Pi-Ratings vs Elo vs xG: Three Models, One Football Match
Three statistical lenses for the same 90 minutes. Each picks up a different part of the truth — Goalence picks one, but here's why all three matter.
The Three Pillars of Football Modelling
If you want to predict a football match, there are three statistical traditions to choose from: Elo (the chess-rating veteran), Pi-Ratings (the home/away specialist), and xG (the shot-quality measure). Each one captures part of the truth, none captures all of it.
Goalence uses Pi-Ratings + Poisson at the core, but every prediction we ship is influenced by all three traditions. Here's how they compare.
Elo: The Chess Method, Borrowed
Elo was invented for chess in the 1960s. A single number per player. Win, your number goes up; lose, it goes down. The amount of movement depends on whether the result was expected — beating someone 200 points above you is worth more than beating someone 200 points below.
For football, Elo treats every team as one rating. Strength: simple, robust, well-understood. Weakness: it ignores the fact that football has a massive home-field advantage. Real Madrid at the Bernabéu and Real Madrid in Atletico's away dressing room aren't really the same team — but a single Elo number can't tell you that.

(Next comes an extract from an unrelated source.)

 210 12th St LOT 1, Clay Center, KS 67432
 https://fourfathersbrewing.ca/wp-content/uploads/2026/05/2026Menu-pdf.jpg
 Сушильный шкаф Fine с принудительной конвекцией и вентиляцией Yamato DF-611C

Pi-Ratings: One Team, Two Numbers
Pi-Ratings (Constantinou & Fenton, 2013) takes the Elo idea and splits each team into a home rating and an away rating. Two numbers per team. Real Madrid at home gets one rating; Real Madrid away gets another. After every match, both ratings update based on the actual result vs the pre-match expectation.
Strength: captures home-field heterogeneity that Elo misses. La Liga's home advantage averages 0.35 goals — Pi-Ratings makes that gap explicit.
Weakness: harder to compare across leagues. A Pi-Rating of 1.5 in the Premier League means something different from 1.5 in MLS. Goalence handles this with league-specific calibration.
xG: The Shot-Quality Lens
xG (Expected Goals) is the youngest of the three — it became mainstream around 2015. Instead of looking at results, xG looks at the quality of chances. Every shot gets a probability based on its location, angle, body part, and game state. A 0.30 xG shot is one most strikers would convert about 30% of the time.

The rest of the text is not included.